Tuesday, October 29, 2013

Elections And All Other Bad Decisions Have Consequences

I think there are political lessons we can learn from road rage.

My sister or my brother-in-law once told me about one case of road rage.  Apparently someone changed lanes without checking their blind spot.  That's what I believe most people mean when they say someone "cut them off".  Well the man who was "cut off" took an irrational level of offense at this and so when the couple in the lane changing car came to park near a restaurant, they had been followed.  They got out and were heading inside when this crazy many yelled at them about what they did and took a hammer to their car's tail-lights.  I'm guessing that was his sociopathic way of saying, "this is what your driving decisions should have gotten you".

I was the target of road rage once myself.  While driving through a busy urban section of interstate highway at about seven or eight miles per hour over the speed limit apparently someone behind me took offense that I was in the fast lane and not going as fast as he wanted to go.  So when he finally managed to weave his way through the crowded and slower moving lanes to get ahead of me he decided to try and teach me a lesson in driver courtesy.  He slowed down enough that my cruise-control had me less than a car's length from him and then he slammed his breaks.  I was barely able to avoid having my SUV run his little sport coup over and I honked my horn in disgust at his stupidity.

The thought crossed my mind that justice might well have been served if I had crushed his little over-priced toy, but then I would have been little better than him right?

So what does road rage have to do with elections?  Simple, elections like all bad decisions have consequences but due to the nature of human variability, the timing and severity of those consequences can be less than certain.

There are going to be crazy people like the two road ragers I described above who attempt to force their own subjective interpretations of justice onto things.  And in so doing they end up compounding the decisions they objected to with bad ones of their own.

The lane cut off in our current time is the ACA otherwise known as Obamacare.  It was passed without a single Republican vote and no serious effort was made to get a Republican vote.  The proper legislative procedures were bypassed with parliamentary tricks when the people's will against the ACA was clearly expressed by the election of a moderate Republican senator from one of the bluest states in the country.  This made it so they didn't have the votes in the Senate needed to pass the ACA using regular procedures, so they found a way around both the procedures and the people's expressed will.  Thus they performed the legislative equivalent of cutting people off with a sloppy lane change.

Now it should be of little wonder that many wish Obamacare ill will, or that the public in general still hate it.  It should come as no shock that Republicans work so hard to stop the implementation of a law that was passed in spite of them and with a deaf ear to Americans in general.  What political party anywhere in the world would give up a fight against something most of their nation's people hate as much as they do?

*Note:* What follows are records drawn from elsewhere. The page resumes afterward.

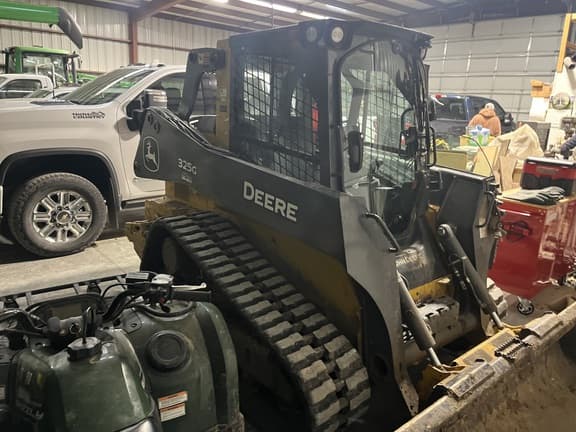 Image of John Deere 325G equipment image 2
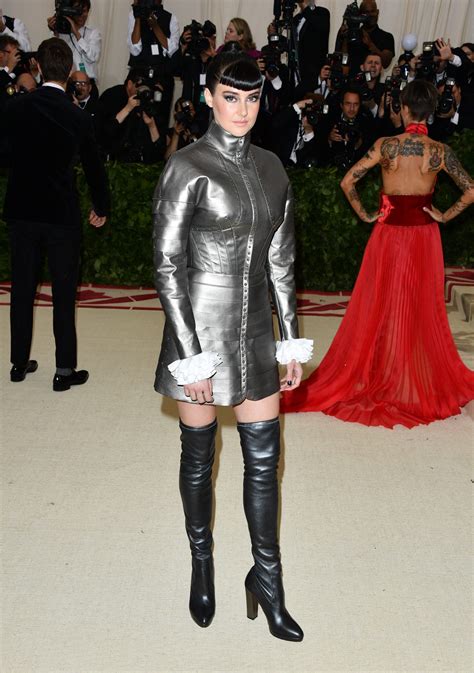 The 10 Worst Met Gala Looks Of All Time | Betches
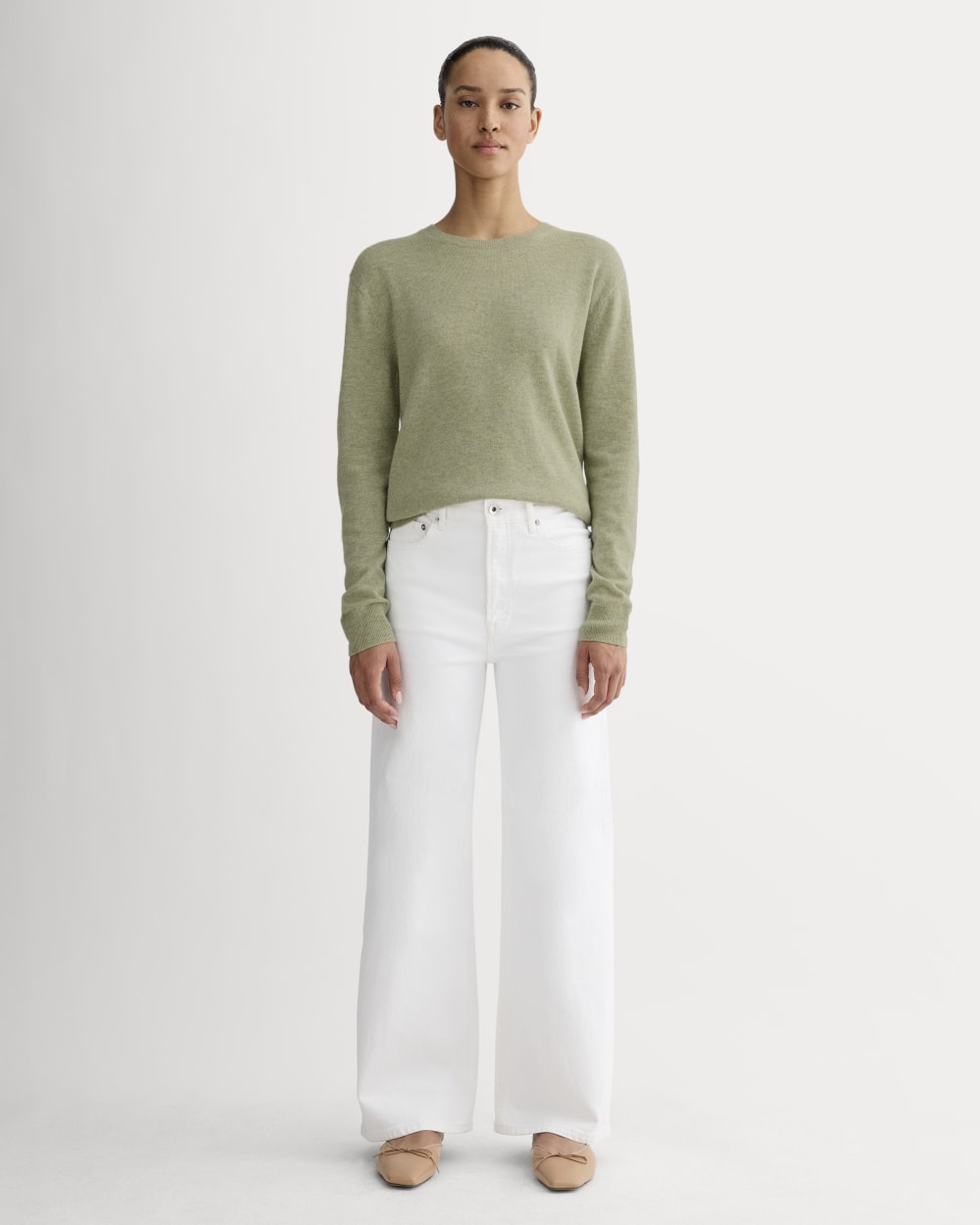 The Classic Crew in Cashmere in Light Heathered Moss — detail view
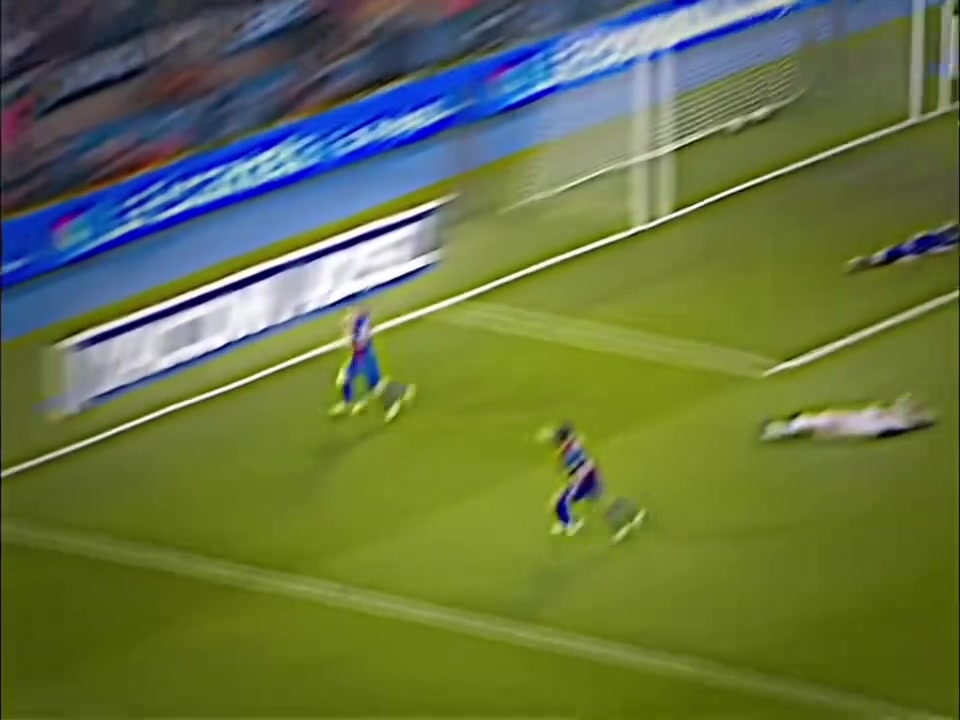 永远的禁区杀手这么多年梅西在禁区的敏锐嗅觉一直没有改变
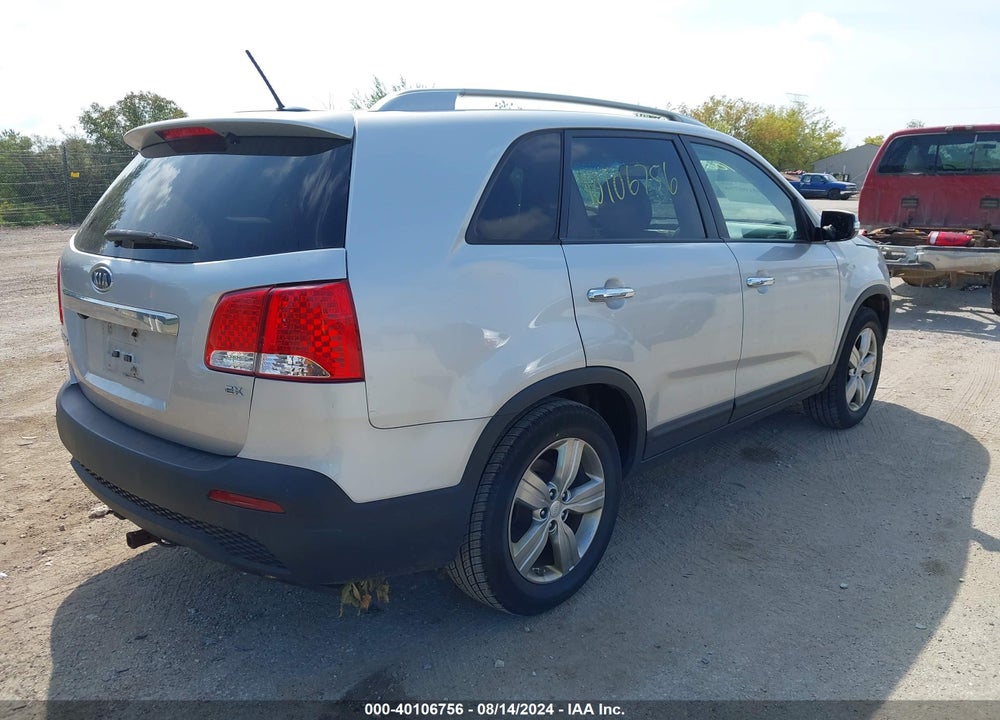 2013 KIA SORENTO EX VIN: 5XYKU3A64DG379876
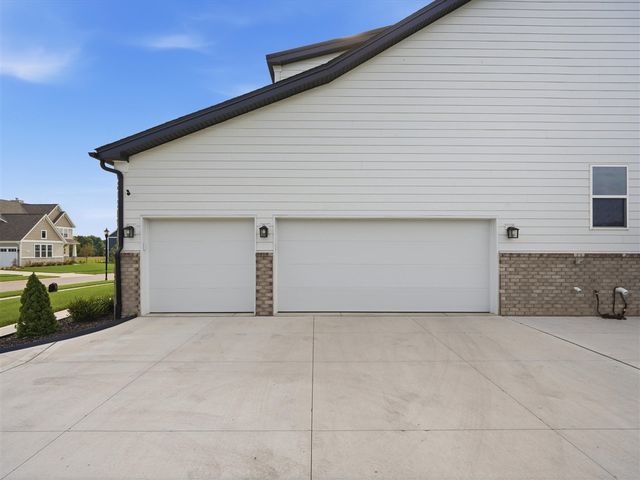 6089 Lincolnshire Drive, Saline, MI 48176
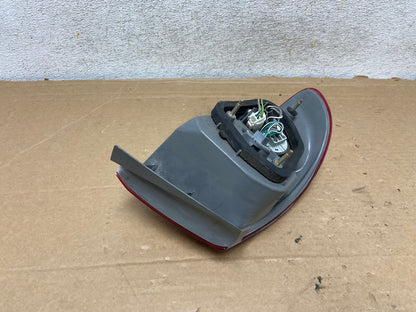 1998 1999 2000 Toyota Corolla Right Passenger Side Tail light AH8301 LK3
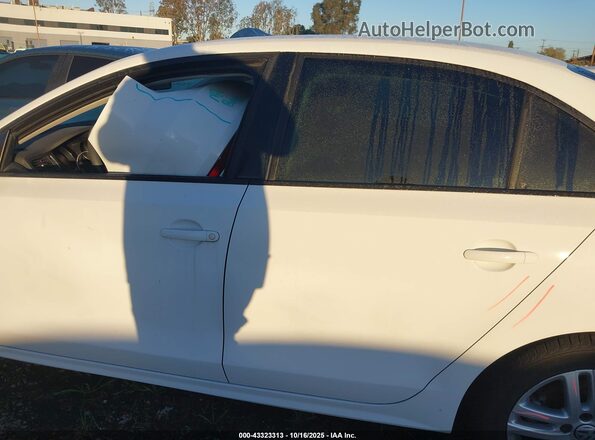 3VW2B7AJ3JM233644 2018 VOLKSWAGEN JETTA White 
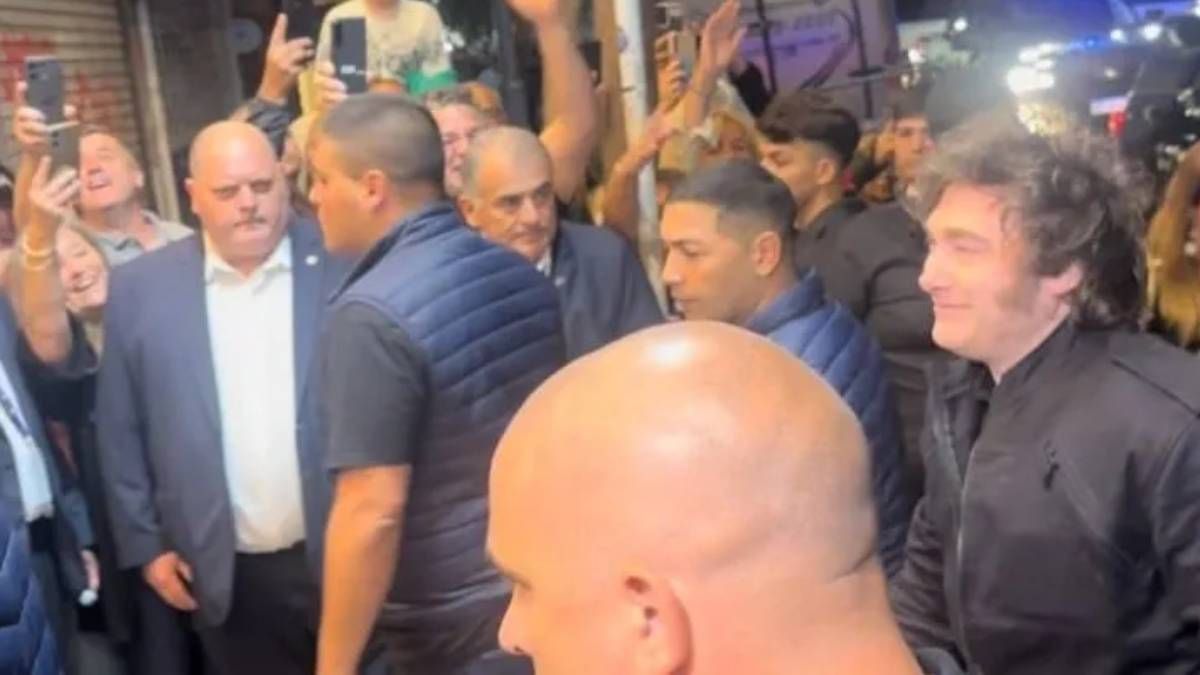 Javier Milei en el ingreso al Teatro Roxy en Mar del Plata.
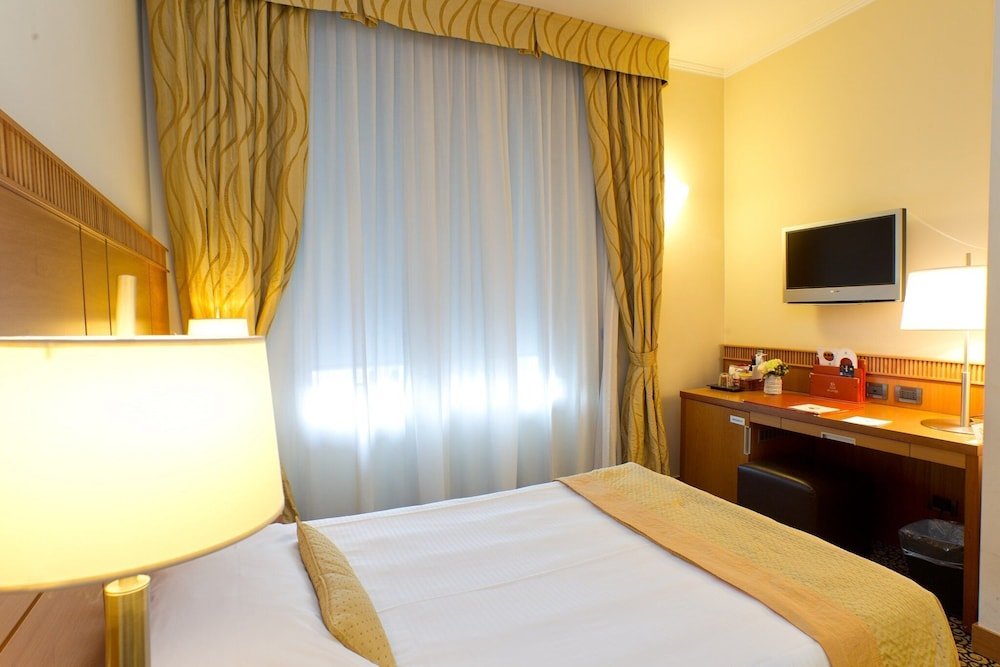 Фото Hotel Dei Cavalieri Milano Duomo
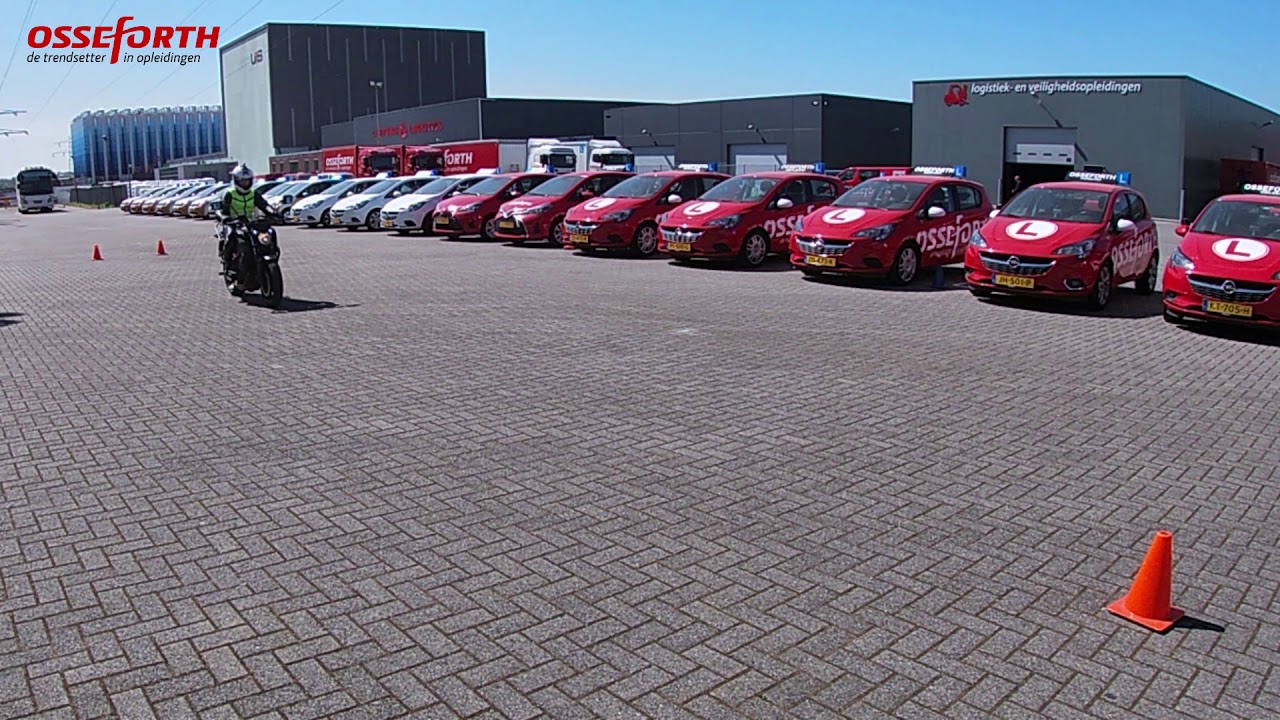 Stapvoets rijden motor - AVB motor rijles Limburg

That is not the crazy man with the hammer bashing in the tail lights or the deranged driver testing another's breaks ironically in the name of driver courtesy.  That's natural consequences that are relatively independent of human variability.

The crazy people with hammers and ironic senses of courtesy, those are anyone who intentionally brings suffering or reason for concern onto others in the name of what they believe should justly be the consequences of elections.

Barack Obama is well known for saying the words, "elections have consequences", but apparently he doesn't understand the nature of consequences in human society.  They're not always what you think they should be and if you try to force the result, well now your the man with the hammer.

But wait Eddie.  How can the guy who cut us off with unwanted legislation also be the man with the hammer?  Wasn't Ted Cruise the guy with the hammer when he shut down the government?  Why yes.  He was, that is if he was in fact the guy who shut down the government.  But was he?  Does one senator really have the power to do that?  Okay so he had friends.  A group described by their opponents as a "small group of extremists".  So does a "small group of extremists" have the power to do that?  Can one?  Well no.  Not unless one of them is the President of the United States.

Now I'm not saying that Barack Obama is a member of the Tea Party.  What I'm saying is that Barack Obama shut down the government in the name of his own very subjective view of justice.  He was in fact the guy with the hammer.  And the real cutting off was when the American people elected him.  He's now offended that we're not getting all the consequences he thinks those elections should have gotten us.

He's the man with the hammer and through his own actions he is setting himself up for a fall.  We can keep our hammers put away.  Waiting for the police will work just fine in this case.